L'inflation américaine de décembre a notamment surpris les attentes à la hausse, mais également mis en exergue la rigidité de l'inflation des services hors-logement qui est restée inchangée à 4,1 % (en glissement annuel) et qui pourrait présenter un risque important pour la poursuite de la désinflation alors que près d'un tiers des petites entreprises américaines prévoient encore d'augmenter les rémunérations salariales (National Federation of Independent Business, NFIB).

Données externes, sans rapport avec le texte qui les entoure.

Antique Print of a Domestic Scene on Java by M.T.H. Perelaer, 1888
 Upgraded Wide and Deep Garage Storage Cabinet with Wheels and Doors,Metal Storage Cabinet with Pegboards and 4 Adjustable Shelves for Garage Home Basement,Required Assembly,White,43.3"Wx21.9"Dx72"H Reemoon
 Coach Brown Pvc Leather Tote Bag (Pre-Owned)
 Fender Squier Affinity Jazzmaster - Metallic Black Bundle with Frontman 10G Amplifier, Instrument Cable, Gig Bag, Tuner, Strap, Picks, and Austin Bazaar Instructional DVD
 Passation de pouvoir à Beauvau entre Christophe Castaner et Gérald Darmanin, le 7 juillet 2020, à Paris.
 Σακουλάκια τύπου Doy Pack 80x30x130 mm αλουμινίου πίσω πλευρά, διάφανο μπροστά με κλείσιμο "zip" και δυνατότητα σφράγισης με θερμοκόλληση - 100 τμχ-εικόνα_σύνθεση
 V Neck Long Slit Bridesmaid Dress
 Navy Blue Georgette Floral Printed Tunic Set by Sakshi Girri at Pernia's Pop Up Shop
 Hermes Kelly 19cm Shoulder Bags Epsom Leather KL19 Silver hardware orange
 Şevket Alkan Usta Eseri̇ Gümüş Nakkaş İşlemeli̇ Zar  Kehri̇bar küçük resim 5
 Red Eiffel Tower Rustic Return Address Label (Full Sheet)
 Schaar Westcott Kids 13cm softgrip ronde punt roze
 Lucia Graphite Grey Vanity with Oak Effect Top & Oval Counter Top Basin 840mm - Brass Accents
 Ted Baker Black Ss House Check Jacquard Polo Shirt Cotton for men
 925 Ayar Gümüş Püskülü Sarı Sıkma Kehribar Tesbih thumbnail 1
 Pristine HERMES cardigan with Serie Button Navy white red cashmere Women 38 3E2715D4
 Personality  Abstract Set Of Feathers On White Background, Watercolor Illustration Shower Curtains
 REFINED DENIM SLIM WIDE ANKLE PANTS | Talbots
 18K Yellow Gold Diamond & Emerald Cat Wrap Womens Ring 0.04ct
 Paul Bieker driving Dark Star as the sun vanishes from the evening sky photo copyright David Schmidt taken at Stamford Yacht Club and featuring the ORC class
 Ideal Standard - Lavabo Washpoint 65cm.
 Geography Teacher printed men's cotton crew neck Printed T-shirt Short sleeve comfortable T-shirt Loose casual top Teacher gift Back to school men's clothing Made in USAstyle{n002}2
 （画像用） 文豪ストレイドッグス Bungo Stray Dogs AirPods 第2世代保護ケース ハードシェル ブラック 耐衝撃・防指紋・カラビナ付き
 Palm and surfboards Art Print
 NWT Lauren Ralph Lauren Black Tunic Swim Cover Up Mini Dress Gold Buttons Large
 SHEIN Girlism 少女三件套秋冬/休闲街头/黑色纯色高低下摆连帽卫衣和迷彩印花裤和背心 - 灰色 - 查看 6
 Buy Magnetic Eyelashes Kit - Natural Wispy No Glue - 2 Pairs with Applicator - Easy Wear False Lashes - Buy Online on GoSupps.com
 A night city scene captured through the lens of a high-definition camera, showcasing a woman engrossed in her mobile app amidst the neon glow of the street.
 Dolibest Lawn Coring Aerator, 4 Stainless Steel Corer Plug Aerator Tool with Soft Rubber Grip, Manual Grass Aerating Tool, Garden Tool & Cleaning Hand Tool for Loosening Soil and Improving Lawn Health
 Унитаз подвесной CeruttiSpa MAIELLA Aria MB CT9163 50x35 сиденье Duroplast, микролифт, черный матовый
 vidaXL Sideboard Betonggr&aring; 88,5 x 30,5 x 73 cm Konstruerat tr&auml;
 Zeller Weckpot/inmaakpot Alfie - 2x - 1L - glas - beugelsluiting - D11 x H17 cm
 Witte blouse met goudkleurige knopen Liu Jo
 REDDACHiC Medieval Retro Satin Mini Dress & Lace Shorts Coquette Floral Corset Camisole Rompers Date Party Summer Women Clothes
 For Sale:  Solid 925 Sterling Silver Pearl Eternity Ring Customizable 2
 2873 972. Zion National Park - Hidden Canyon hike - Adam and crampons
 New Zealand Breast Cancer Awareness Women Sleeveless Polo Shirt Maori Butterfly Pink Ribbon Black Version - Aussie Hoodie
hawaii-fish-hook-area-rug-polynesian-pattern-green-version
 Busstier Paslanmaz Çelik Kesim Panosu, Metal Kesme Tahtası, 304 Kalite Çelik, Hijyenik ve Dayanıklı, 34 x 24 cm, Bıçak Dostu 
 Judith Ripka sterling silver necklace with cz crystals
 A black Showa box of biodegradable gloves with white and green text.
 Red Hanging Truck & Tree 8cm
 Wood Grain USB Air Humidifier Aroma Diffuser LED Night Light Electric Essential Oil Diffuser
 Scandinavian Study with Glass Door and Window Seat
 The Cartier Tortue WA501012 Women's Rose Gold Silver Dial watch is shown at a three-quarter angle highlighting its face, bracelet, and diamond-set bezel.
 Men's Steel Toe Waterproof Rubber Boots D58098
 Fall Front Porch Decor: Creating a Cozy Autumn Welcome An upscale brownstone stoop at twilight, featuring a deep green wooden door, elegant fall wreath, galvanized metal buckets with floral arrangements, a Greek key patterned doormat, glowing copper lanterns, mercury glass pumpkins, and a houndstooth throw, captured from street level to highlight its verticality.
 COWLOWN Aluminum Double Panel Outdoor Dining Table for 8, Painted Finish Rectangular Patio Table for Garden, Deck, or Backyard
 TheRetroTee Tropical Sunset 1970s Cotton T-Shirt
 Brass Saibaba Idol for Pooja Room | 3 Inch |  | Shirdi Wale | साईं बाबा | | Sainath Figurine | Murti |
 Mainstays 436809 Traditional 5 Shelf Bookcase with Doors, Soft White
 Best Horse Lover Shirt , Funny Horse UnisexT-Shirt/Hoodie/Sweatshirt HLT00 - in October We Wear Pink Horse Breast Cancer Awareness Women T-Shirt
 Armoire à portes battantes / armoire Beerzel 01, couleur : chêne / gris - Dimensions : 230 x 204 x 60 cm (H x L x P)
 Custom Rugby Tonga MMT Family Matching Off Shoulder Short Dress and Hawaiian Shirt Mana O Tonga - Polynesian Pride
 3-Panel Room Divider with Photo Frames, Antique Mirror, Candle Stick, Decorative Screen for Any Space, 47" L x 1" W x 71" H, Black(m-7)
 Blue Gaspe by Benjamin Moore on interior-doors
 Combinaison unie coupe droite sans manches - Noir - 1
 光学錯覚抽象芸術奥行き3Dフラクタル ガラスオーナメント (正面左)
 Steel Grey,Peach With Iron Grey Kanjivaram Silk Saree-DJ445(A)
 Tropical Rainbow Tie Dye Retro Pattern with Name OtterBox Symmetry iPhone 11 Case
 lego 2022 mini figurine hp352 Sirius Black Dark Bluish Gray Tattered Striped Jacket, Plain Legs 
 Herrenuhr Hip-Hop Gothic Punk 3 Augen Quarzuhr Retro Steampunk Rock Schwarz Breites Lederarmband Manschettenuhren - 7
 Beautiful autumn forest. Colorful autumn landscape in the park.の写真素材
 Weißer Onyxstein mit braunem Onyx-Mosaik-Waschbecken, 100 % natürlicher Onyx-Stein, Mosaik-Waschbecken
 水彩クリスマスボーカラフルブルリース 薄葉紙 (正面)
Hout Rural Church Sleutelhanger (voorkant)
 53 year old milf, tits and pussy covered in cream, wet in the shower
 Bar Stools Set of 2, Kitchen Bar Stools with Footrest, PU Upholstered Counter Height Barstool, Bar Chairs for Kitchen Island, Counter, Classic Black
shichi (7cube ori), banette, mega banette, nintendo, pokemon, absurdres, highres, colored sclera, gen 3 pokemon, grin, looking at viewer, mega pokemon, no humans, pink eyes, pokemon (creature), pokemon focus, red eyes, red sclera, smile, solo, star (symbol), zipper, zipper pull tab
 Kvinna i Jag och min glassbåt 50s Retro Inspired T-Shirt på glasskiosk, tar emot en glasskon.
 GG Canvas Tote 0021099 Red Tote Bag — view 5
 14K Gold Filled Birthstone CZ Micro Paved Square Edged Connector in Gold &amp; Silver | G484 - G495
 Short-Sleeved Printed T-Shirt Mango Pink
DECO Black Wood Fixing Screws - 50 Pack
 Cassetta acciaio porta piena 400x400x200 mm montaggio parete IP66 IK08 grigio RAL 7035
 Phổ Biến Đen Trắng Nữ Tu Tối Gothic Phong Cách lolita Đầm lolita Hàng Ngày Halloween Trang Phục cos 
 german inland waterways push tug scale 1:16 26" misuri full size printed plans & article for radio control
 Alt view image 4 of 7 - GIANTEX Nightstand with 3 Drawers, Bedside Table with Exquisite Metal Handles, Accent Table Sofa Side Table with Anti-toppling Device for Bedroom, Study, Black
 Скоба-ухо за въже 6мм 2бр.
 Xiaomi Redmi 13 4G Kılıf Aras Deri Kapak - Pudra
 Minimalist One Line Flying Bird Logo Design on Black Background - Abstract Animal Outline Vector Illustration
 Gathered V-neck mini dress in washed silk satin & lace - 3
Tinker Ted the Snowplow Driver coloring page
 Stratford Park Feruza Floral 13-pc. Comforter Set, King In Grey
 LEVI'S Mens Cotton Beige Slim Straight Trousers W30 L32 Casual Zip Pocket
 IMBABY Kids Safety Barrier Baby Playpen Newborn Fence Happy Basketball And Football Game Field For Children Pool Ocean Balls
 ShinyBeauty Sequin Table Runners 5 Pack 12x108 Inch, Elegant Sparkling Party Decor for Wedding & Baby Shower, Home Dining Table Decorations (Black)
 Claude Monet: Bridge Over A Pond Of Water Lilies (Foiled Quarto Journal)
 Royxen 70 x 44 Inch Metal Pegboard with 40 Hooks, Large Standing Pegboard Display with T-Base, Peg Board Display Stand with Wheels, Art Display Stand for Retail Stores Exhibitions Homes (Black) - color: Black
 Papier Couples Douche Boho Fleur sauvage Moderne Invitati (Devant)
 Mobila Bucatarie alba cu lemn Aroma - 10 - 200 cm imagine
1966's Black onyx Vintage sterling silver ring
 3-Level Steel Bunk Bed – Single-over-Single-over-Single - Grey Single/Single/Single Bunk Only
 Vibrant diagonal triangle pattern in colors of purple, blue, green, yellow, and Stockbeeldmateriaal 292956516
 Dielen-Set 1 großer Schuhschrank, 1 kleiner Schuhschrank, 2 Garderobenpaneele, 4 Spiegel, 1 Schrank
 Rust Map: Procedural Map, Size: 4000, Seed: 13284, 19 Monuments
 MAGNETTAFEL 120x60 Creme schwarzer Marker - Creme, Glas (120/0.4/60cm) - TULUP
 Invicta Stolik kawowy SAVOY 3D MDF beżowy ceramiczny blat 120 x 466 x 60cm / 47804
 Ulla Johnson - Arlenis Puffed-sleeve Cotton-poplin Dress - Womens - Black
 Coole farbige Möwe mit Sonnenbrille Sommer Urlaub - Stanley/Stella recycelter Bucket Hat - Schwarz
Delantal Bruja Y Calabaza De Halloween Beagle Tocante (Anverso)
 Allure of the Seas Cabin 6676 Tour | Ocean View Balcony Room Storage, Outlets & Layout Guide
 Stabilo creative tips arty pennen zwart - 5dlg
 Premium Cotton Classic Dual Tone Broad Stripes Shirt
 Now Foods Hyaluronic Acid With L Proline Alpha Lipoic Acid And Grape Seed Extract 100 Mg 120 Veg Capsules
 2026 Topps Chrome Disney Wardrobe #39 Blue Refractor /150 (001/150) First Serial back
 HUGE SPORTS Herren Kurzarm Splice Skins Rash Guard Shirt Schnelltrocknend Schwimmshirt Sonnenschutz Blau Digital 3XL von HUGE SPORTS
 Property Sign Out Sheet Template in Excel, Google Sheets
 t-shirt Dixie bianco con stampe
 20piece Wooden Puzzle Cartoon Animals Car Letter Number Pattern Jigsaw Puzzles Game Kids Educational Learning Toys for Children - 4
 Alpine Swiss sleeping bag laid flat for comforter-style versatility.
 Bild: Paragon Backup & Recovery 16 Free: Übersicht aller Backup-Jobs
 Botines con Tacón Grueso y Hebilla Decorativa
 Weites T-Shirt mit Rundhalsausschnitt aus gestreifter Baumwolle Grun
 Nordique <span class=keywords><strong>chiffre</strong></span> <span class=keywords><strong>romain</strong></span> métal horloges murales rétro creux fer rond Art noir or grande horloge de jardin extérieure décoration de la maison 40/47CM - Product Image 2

En zone euro, les salaires ont accéléré de 5,3 % (en glissement annuel) au troisième trimestre 2023 et continuent de constituer un point d'attention particulier pour la BCE alors que de nombreuses négociations salariales vont avoir lieu au cours du premier trimestre 2024 et que les données salariales du quatrième trimestre 2023 ne seront pas disponibles avant mars 2024.
Enfin, les perturbations actuelles du commerce international en Mer Rouge (les prix du fret de l'Asie vers l'Europe ayant triplé à mi-janvier 2024) pourraient présenter un risque sur l'inflation des biens notamment pour la zone euro (même si une capacité plus importante de navires, une activité portuaire fluide et une demande de biens moins importante devraient limiter l'augmentation des prix du fret comparé à l'épisode de 2020-2022) tandis que le conflit au Moyen-Orient reste plus globalement un point d'attention pour les prix de l'énergie.